Lightning erupts, plunging us into darkness.

Emptiness greets me when I arrive. There’s no trace of Constantine, and after a few seconds, fear slithers up my spine. I replay the trip. We left together, and I didn’t mean for my lightning to erupt before his energy, corrupting his attempt back here. 

I pace the short room, checking his empty bench every few seconds. I knew I couldn’t teach him. And now I’ve gone and lost him.

I can’t wait any longer.

I race to my pile of armor and jam it on. Anna made it work beautifully, and I’m battle-ready in under five minutes. I grab two swords. One for Constantine, and one for . . . me.

My lightning flashes, and I’m back to the moment we left, surrounded by trees and the earthy scent of moss and decomposing leaves. The small clearing is empty, and I hold my breath, listening for anything that might give me a clue to where Constantine went.

Shadows meld and shift to my left. Twigs snap. Above me, a hawk shrieks.

I spin, weapons raised.

A doe lifts her head and watches me with bored eyes. Her ears flick, and she bounds away. The forest calms again, and I strain for any indication of Constantine.

I search the air for his residue. I want to drop the swords, but I’m afraid. And severely creeped out. I don’t know why I grabbed one for me. I’d be better off relying on my lightning, but I can’t talk myself into parting with a single weapon. My biceps and shoulders burn. I don’t know what to do.

I bite my lip. The pain makes me focus.

A shiver of energy caresses my cheek. I lean into it and am yanked away again.

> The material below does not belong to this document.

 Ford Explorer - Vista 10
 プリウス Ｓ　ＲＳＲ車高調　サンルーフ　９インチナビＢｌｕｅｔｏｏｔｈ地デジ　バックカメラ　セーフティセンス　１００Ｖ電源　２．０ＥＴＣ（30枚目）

It takes me a moment to place the house. It’s the one I arced us to the last time we escaped Viriato and the attack. I search for Constantine amid the Mediterranean interior. Pale blue walls serve as a backdrop for the sparse furniture. I slip through the empty living room to the kitchen at the back of the house. My ears strain for his noises.

If his residual energy is here, it’s barely a trace.

Around the corner of the wide archway, the hallway spills onto the back veranda.

He stands at the edge, his head hanging, his arms spread wide along the top cap of an ornate railing.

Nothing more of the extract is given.